Liputan6.com, Jakarta - Menteri Badan Usaha Milik Negara (BUMN), Erick Thohir akan menutup seluruh bisnis perusahaan BUMN yang kedapatan beroperasi di luar bisnis utama dan juga bisnis asal. Hal ini berkaca dari PT Pengembangan Armada Niaga Nasional (Persero) atau PT PANN yang menjalankan bisnisnya melenceng dari visi dan misi awal.

Erick mengatakan, perusahaan plat merah itu sudah berdiri sejak 1974. Sejak awal berdiri PT PANN fokus menjalankan bisnisnya di bidang penyewaat kapal laut. Sementara seiring berjalan waktu, perusahaan tersebut juga merambah bisnis ke penyewaan pesawat.

Menurut Erick, hal ini membuktikan bahwa bagian dari BUMN terlalu banyak dan tidak kembali ke core bisnis. "PT PANN awal didirikan untuk leasing kapal laut, bukan kapal udara. Ini yang harus di-merger atau ditutup karena terlalu banyak," kata dia saat ditemui di Jakarta, Rabu (4/12/2019).

Erick mengaku geram saat mendengar adanya perusahaan sejenis yang beroperasi di luar dari lini bisnis utama atau asalnya.

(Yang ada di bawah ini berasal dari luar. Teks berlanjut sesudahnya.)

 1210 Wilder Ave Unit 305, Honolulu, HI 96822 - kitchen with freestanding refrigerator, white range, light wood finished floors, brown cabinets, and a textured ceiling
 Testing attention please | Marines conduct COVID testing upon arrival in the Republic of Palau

Bahkan, ketika awal kedatangannya di Kementerian BUMN, dia sempat menyalahi seluruh direksi terkait dengan ulah perusahaan plat merah itu.

"Apalagi visi Presiden yang bicara cipta lapangan kerja, ternyata BUMN ini hanya mengemukan diri dan diisi cuma kroni oknum bahkan orang-orang, mohon maaf saya bukan anti orangtua, tapi kalo diisi pensiunan sedangkan 58 persen penduduk Indonesia di bawah 35 tahun berarti kan tidak membuka lapangan kerja," tadasnya.

 

Sri Mulyani dan DPR

Menteri Keuangan Sri Mulyani Indrawati mengikuti rapat kerja dengan Komisi XI DPR RI di Kompleks Parlemen, Senayan, Jakarta, Senin (17/6/2019). Pemerintah bersama Komisi XI DPR RI kembali melakukan pembahasan mengenai asumsi dasar makro dalam RAPBN 2020. (Liputan6.com/Johan Tallo)

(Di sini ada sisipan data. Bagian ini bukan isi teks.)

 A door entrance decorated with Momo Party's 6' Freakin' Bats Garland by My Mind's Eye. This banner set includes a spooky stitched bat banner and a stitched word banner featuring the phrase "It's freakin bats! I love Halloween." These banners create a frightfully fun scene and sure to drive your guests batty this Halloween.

Sebelumnya, PT PANN (Persero) menghebohkan jagat maya. Sebab, perusahaan badan usaha milik negara (BUMN) ini membuat Menteri Keuangan Sri Mulyani dan anggota Dewan Perwakilan Rakyat (DPR) bertanya-tanya. Perusahaan apa ini.

"Saya interupsi, saya ingin tahu PT PANN ini apa Bu? Saya baru denger ini persero PT PANN," ujar Misbakhun memotong penjelasan Menteri Sri Mulyani, di Ruang Rapat Komisi XI, DPR RI, Jakarta, Senin (2/12).

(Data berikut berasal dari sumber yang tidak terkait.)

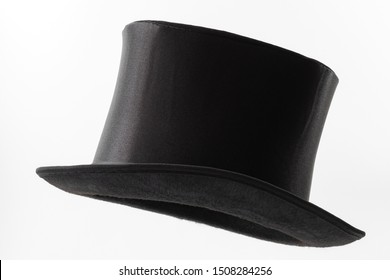 Vintage men fashion and magic show conceptual idea with side profile angle on victorian black top hat with clipping path cutout in ghost mannequin technique isolated on white background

Mendengar pernyataan tersebut, Menteri Sri Mulyani pun juga mengaku baru mendengar dan mengetahui adanya BUMN tersebut. Namun, Bendahara Negara itu mencoba menjelaskan mengenai latar belakang dari PT PANN itu.

"PT PANN ini Pengembangan Armada Niaga Nasional. Saya juga baru dengar sih Pak. Saya juga belum pernah denger ini PT ini," ujar Menteri Sri Mulyani.

Meski jarang terdengar, ternyata perusahaan yang berdiri sejak 1974 ini telah menorehkan sejumlah prestasi.

Dikutip dari laman perusahaan, PT PANN mengklaim telah, pertama, memperoleh sertifikat ISO 9001 versi terbaru tahun 2008 setelah berhasil mempertahankan Servielance Audit oleh Lembaga Sertifikasi Sucofindo.